Now that we have the differences, we square them, and take the sum across the last dimension. This yields a vector with shape (N,k).

For actual euclidean distance we would then take the square root of the result, but since we just care about the relative distances we can skip this step.

Finally, we just take the argmin of the last dimension, i.e. for each row, the index of the smallest distance. Now we have our (N,) result.

def assign_clusters(points, centroids):
  # (5000,2) -> (5000,1,2)
  points = np.expand_dims(points, 1)

  # (5000,1,2) - (5,2)
  # with broadcasting becomes (5000,5,2)
  diff = points - centroids

  diff = diff ** 2

  # (5000,5,2) -> (5000,5)
  diff = diff.sum(-1)

  # (5000,5) -> (5000,)
  diff = diff.argmin(-1)

  return diff

update_centroids()

To update the centroids, we simply take the mean of the points within that cluster. To do this, we will create a vector with shape (N,k,d) again, and mask out points not in the cluster.

We start by creating an N x k mask, where 1s correspond to the n-th point being in the k-th cluster. We will also temporarily add a dimension at the end to make this N x k x 1.

Adding a dimension to the points vector for proper broadcasting, we can then create the N x k x d vector we planned above. Summing this across the first dimension yields a k x d vector, representing the sums of all of the points within each of the k clusters.

Now we just need to divide by the number of points in each cluster, which we can get by summing the N x k mask we created earlier across the first dimension, yielding k counts.

At this point, we can divide the sum by the counts to get the means.

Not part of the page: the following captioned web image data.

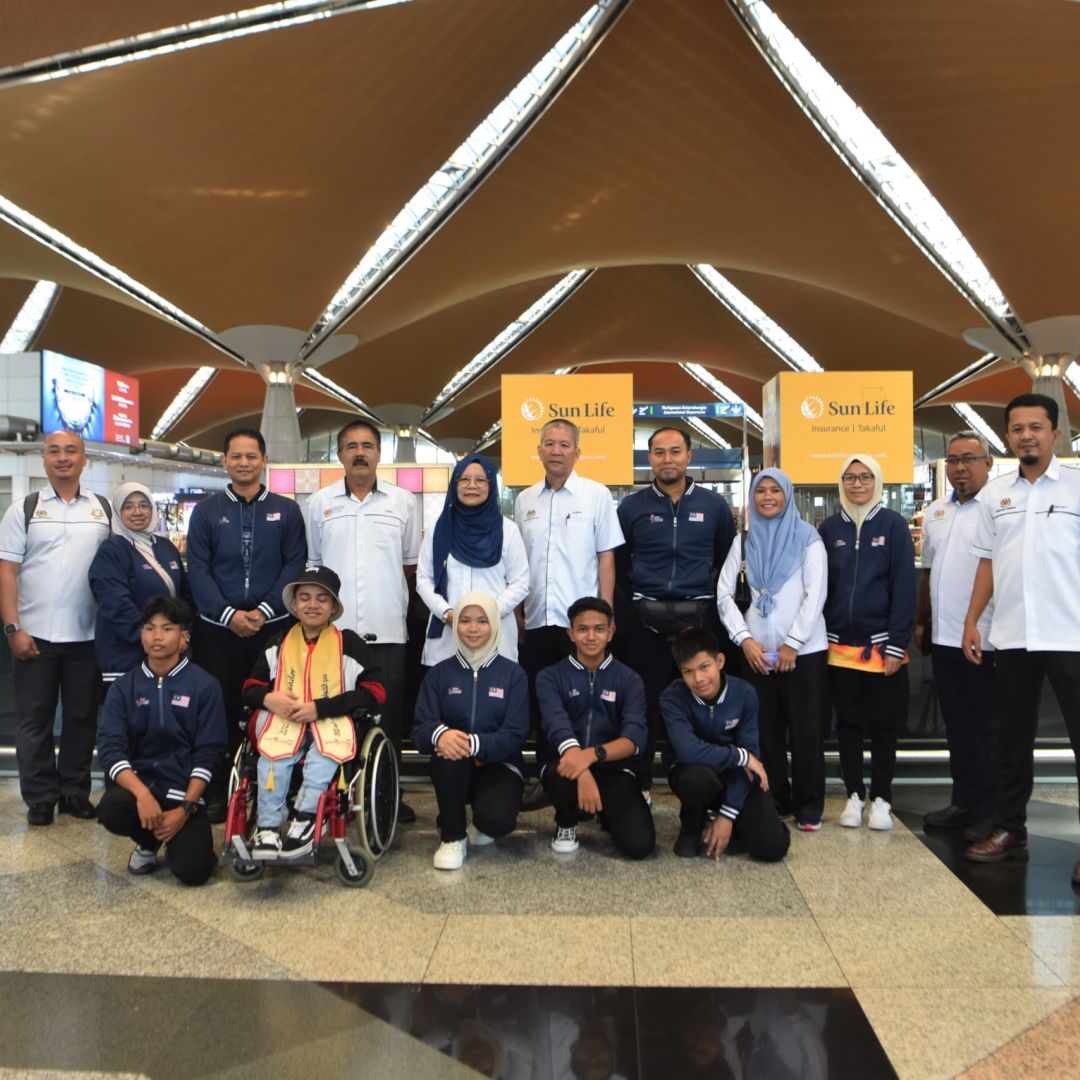 Majlis Penyerahan Jalur Gemilang Kontinjen Malaysia ke GITC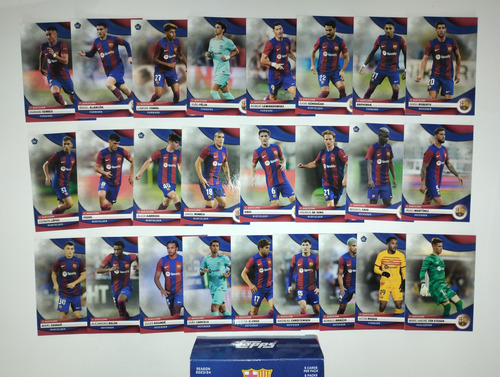 Tarjetas Barcelona Set Completo 50/50 Messi, Yamal Rookie C (Usado)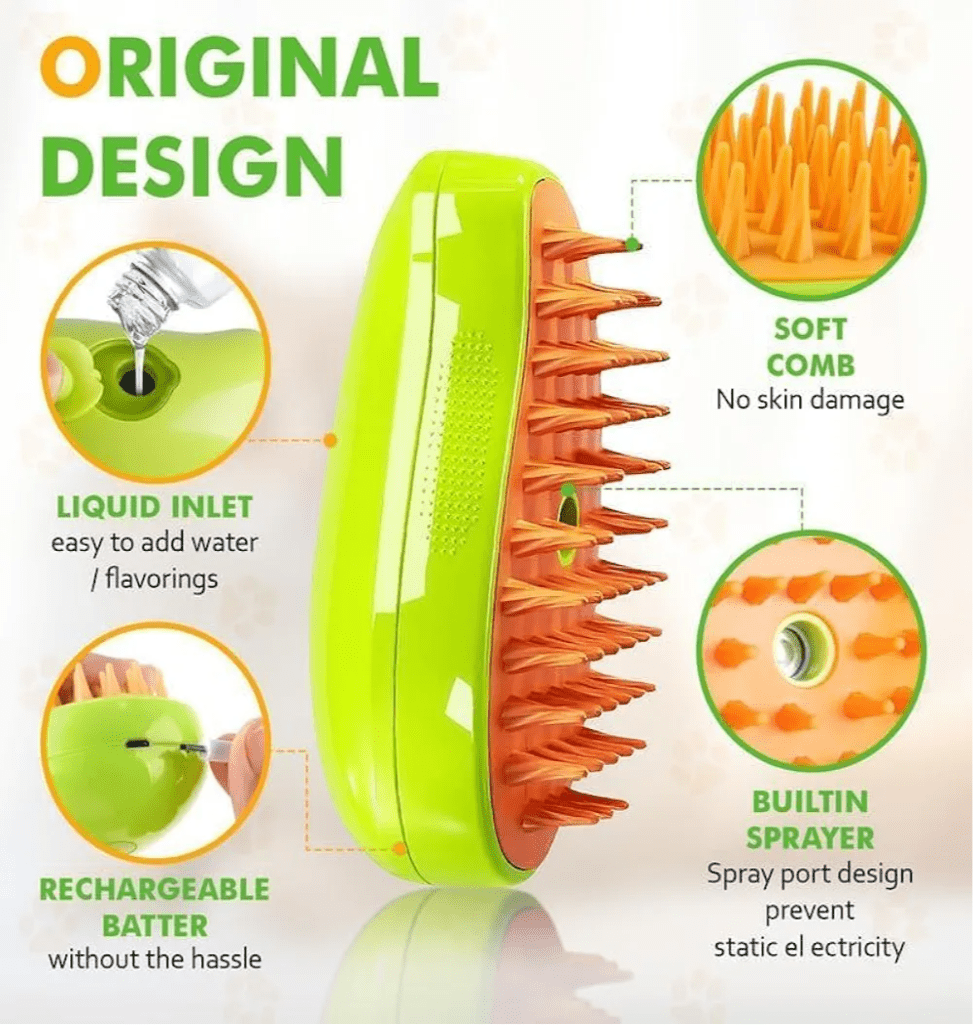 2 in 1 Pet Steam Brush - Buyna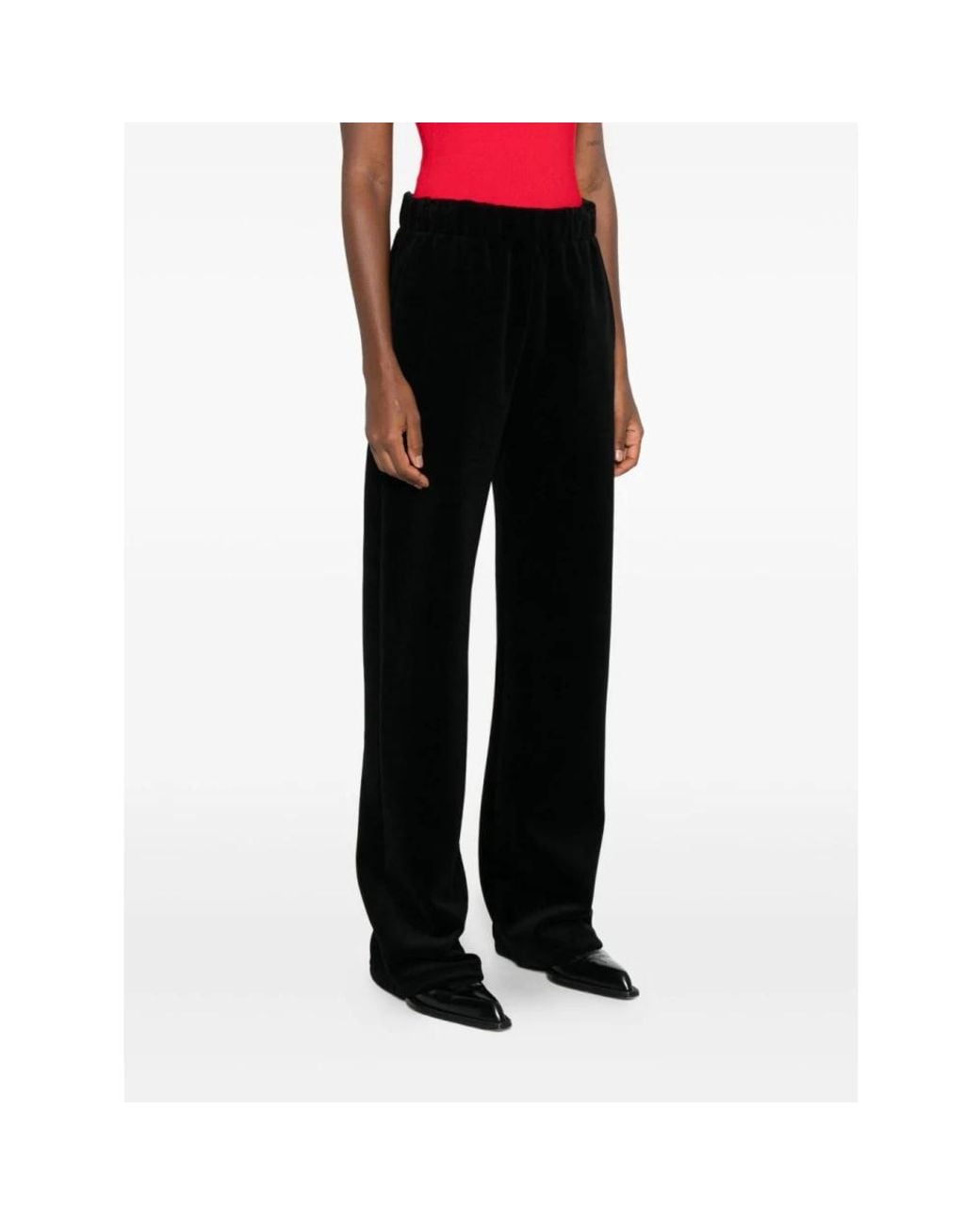 Golden Goose Deluxe Brand Black Wide Trousers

def update_centroids(points, clusters, k):
    N = clusters.shape[0]

    # create an N x k mask, where each row contains a 1
    # in the position corresponding to its cluster
    mask = np.zeros((N, k))
    mask[np.arange(N), clusters] = 1

    # add a dimension in the middle so that 
    # multiplication will broadcast
    # (5000,2) -> (5000,1,2)
    points = np.expand_dims(points, 1)

    # (5000,5,1) * (5000,1,2) results in a (5000,5,2) vector
    # for each of the 5000 points, we have a 5x2 vector where only
    # one of the five rows will have non-zero values
    masked_points = np.expand_dims(mask, -1) * points

    # sum across points
    # (5000, 5, 2) -> (5, 2)
    sums = masked_points.sum(0)

    # sum across points
    counts = mask.sum(0)

    # avoid divide by zero
    counts[counts == 0] = 1

    # divide sum by count to get means
    return sums / np.expand_dims(counts, -1)

centroids_equal()

As a last implementation, we need to check whether the centroids have changed. For this we can just call np.array_equal() on the old and new centroids vectors.

def centroids_equal(vec1, vec2):
  return np.array_equal(vec1, vec2)

Comparing vectorization vs loops

To compare the vectorized implementation with the non-vectorized implementation, I ran each 100 times and took the mean clock time to converge. Note that because the points are random, K-means may take different numbers of iterations to converge.

The vectorized implementation (green) runs in significantly less time, between 7 and 21 times faster.